This discussion has been locked.
You can no longer post new replies to this discussion. If you have a question you can start a new discussion

nRF5 SDK for Mesh: How to reset a Bluetooth Mesh node?

Dear Nordic experts,
 
This short code snippet is supposed to reset (unprovision) a Bluetooth Mesh node and reboot it (nRF5 SDK for Mesh 5.0.0):
 

void node_reset(void)
{
    __LOG(LOG_SRC_APP, LOG_LEVEL_INFO, " >>>>> Resetting node <<<<< \n");
    if (mesh_stack_is_device_provisioned()) {
        mesh_stack_config_clear();   
        mesh_stack_device_reset();
    }
 
    schedule_reboot();  // just waits for 2 seconds before calling sd_nvic_SystemReset(); to reboot the node.
} 

 
node_reset() is called at the main() loop once an input pin is set. At the time it is called, the (custom/vendor) model is still operating. The problem is, that mesh_stack_config_clear() ends up in app_error_fault_handler().  
 
The following is printed at the debug terminal in SES:
 
<t:    2006463>, main.c,  252,  >>>>> Resetting node <<<<<  
<t:    2006553>, main.c,  213, Mesh event: NRF_MESH_EVT_CONFIG_STABLE
<t:    2006556>, main.c,  217, Mesh event: NRF_MESH_EVT_FLASH_STABLE
<t:    2006559>, main.c,  217, Mesh event: NRF_MESH_EVT_FLASH_STABLE
<t:    2006650>, main.c,  213, Mesh event: NRF_MESH_EVT_CONFIG_STABLE
<t:    2006653>, main.c,  217, Mesh event: NRF_MESH_EVT_FLASH_STABLE
<t:    2006656>, main.c,  217, Mesh event: NRF_MESH_EVT_FLASH_STABLE
<t:    2006747>, main.c,  213, Mesh event: NRF_MESH_EVT_CONFIG_STABLE
<t:    2006750>, main.c,  217, Mesh event: NRF_MESH_EVT_FLASH_STABLE
<t:    2006753>, main.c,  217, Mesh event: NRF_MESH_EVT_FLASH_STABLE
<t:    2006844>, main.c,  213, Mesh event: NRF_MESH_EVT_CONFIG_STABLE
<t:    2006847>, main.c,  217, Mesh event: NRF_MESH_EVT_FLASH_STABLE
<t:    2006850>, main.c,  217, Mesh event: NRF_MESH_EVT_FLASH_STABLE
<t:    2006869>, app_error_weak.c,  105, Mesh assert at 0x0002E65E (:0) 

 
And the stacktrace looks like this:
 
app_error_fault_handler()
mesh_assertion_handler()
backend_evt_handler()
write_complete_cb()
process_action_queue()
send_end_events()
bearer_event_handler()
bearer_event_flag_set()
mesh_config_backend_record_write()
dirty_entries_process()
mesh_config_entry_set()
seqnum_block_allocate()
mesh_stack_config_clear()
node_reset()
main() 

 
The questions now are:  
What's causing this issue? Or: How do you reset/unprovision and reboot a mesh node in nRF5 SDK for Mesh 5.0.0?  
 
Your help is very much appreciated,
Thank you,
Michael.

Parents
  • Hi Mike, 

    I would suggest mesh_stack_config_clear() instead of calling mesh_config_clear() 

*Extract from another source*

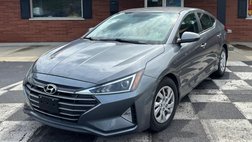 2019 Hyundai Elantra SE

    Can you reproduce the issue using one of our example ? For example the light switch server ? We do have the functionality that if you press button 4 it will clear the setting and reset the node. Please check the node_reset() function in main.c 

    Also, as I can see in the code how the config server handle node reset command from the client (check handle_node_reset() ). It will go through the following stages: 
    typedef enum
    {
    NODE_RESET_IDLE,
    NODE_RESET_PENDING,
    #if MESH_FEATURE_GATT_PROXY_ENABLED
    NODE_RESET_PENDING_PROXY,
    #endif /* MESH_FEATURE_GATT_PROXY_ENABLED */
    NODE_RESET_FLASHING,
    } node_reset_state_t;

    So if the flash module is busy it will stay in pending state(NODE_RESET_FLASHING) and wait for NRF_MESH_EVT_FLASH_STABLE event before it continue to the node reset process. 

  • Hi Hung,
     
    Thanks for your help. Just a quick question:  
    Imagine a simple custom node, containing a single element with a single instance of a proprietary/vendor model plus a configuration server and health server instance.
     
    Whats the recommend api to store a few hundred bytes of model related data in flash?
    model_config_file_xxx(), mesh_config_entry_xxx() flesh_manager_xxx()? Or something else?
     
    Are the model_config_file_xxx() api calls needed for vendor (i.e. non standard/generic) models? Would it be safe to omit those calls?  (please note: config and health server are running as well.)
    Right now, I'm using the mesh_config_entry_xxx() api - which works quite well, except the previously mention fault triggered by mesh_stack_config_clear(), which makes me think that I'm most likely using the wrong api for the job...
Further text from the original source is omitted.